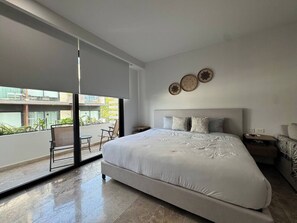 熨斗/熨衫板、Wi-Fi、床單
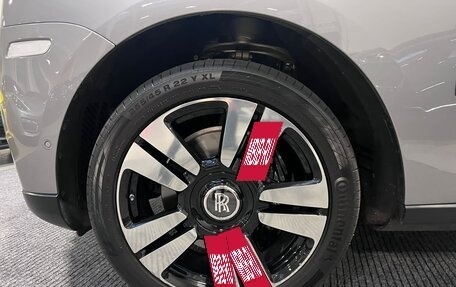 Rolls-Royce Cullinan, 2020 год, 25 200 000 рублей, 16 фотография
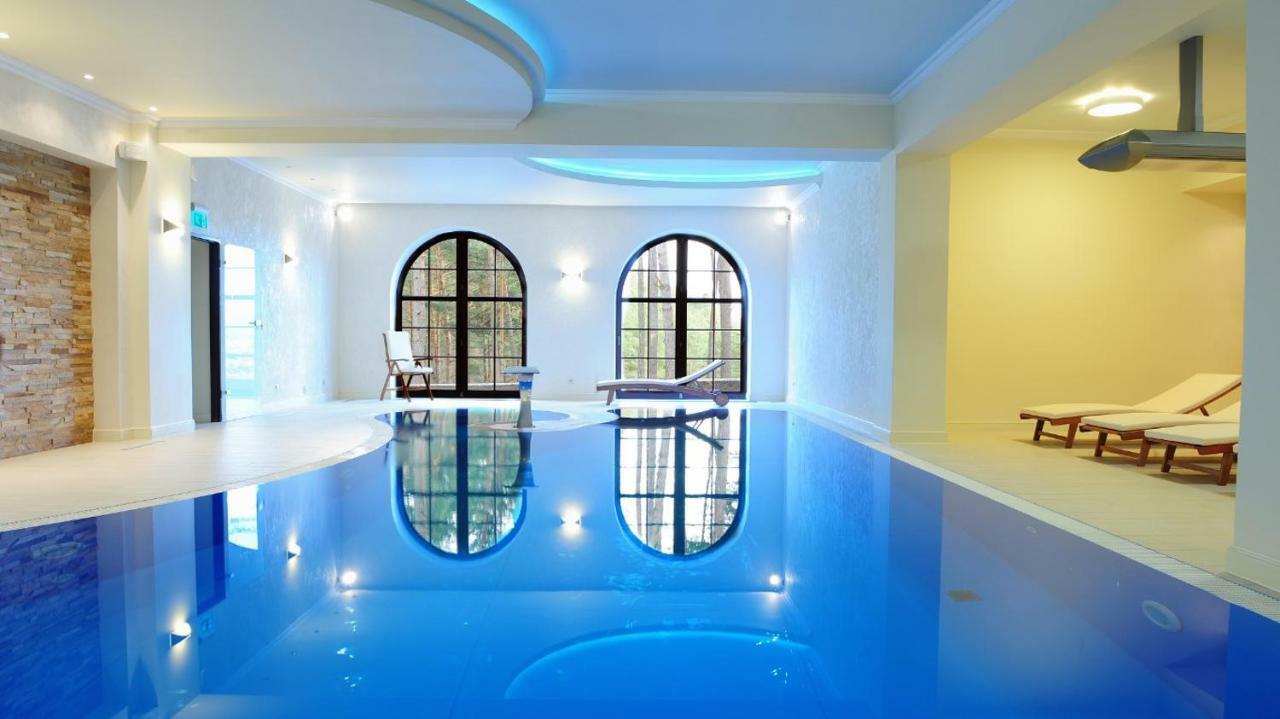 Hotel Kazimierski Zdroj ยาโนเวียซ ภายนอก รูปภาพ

Task prompt :: A word-for-word copy of the lines from the one with "Rolls-Royce Cullinan, 2020" through the last line of the data above is required, with both end lines included and no pictures.

Completed task ::
 Rolls-Royce Cullinan, 2020 год, 25 200 000 рублей, 16 фотография
 Hotel Kazimierski Zdroj ยาโนเวียซ ภายนอก รูปภาพ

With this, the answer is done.